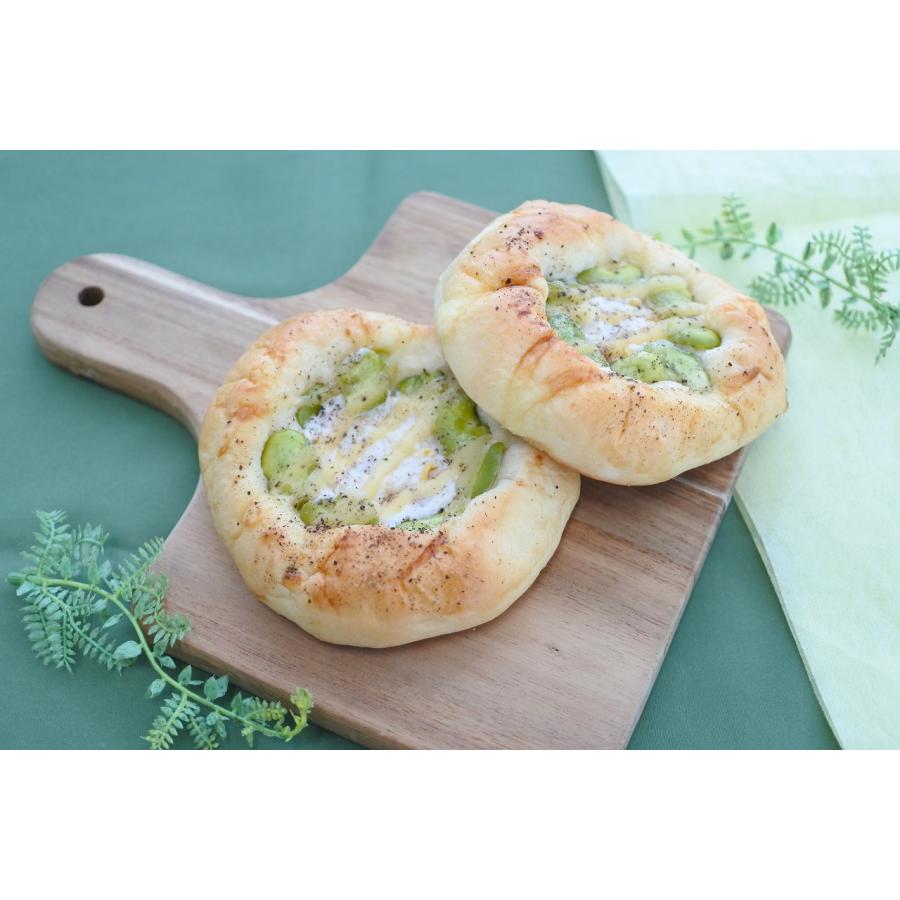 敷島製パン 冷凍生地 そら豆パン 68g×80個 【冷凍パン・枝豆パン・業務用・敷島パン・空豆パン・ベーコンパン・コーンパン・発酵必要】の画像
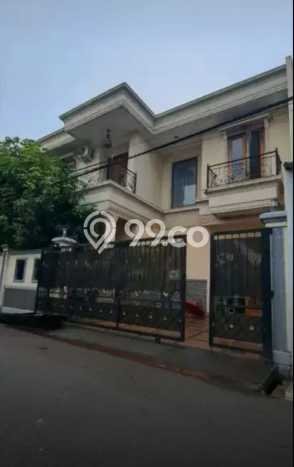 For Sale! Luxury House LT 174m2 Desain Elegan di Rawamangun For Sale! Luxury House LT 174m2 Desain Elegan di Rawamangun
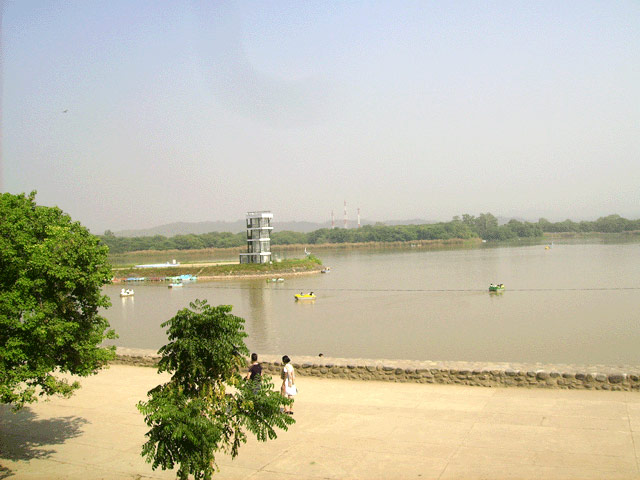Sukhna Lake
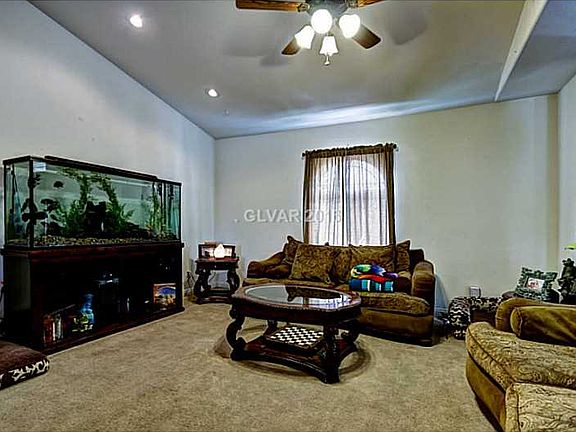 3rd image of 7156 W Deer Springs Way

..............................

▶ **PROBLEM**
Without the pictures, reproduce each line from the one containing "For Sale! Luxury House LT 174m2 Desain Elegan di Rawamangun For" through the last line of the material above, both of those lines included.

▶ **RESPONSE TO THIS EXERCISE**
 For Sale! Luxury House LT 174m2 Desain Elegan di Rawamangun For Sale! Luxury House LT 174m2 Desain Elegan di Rawamangun
Sukhna Lake
 3rd image of 7156 W Deer Springs Way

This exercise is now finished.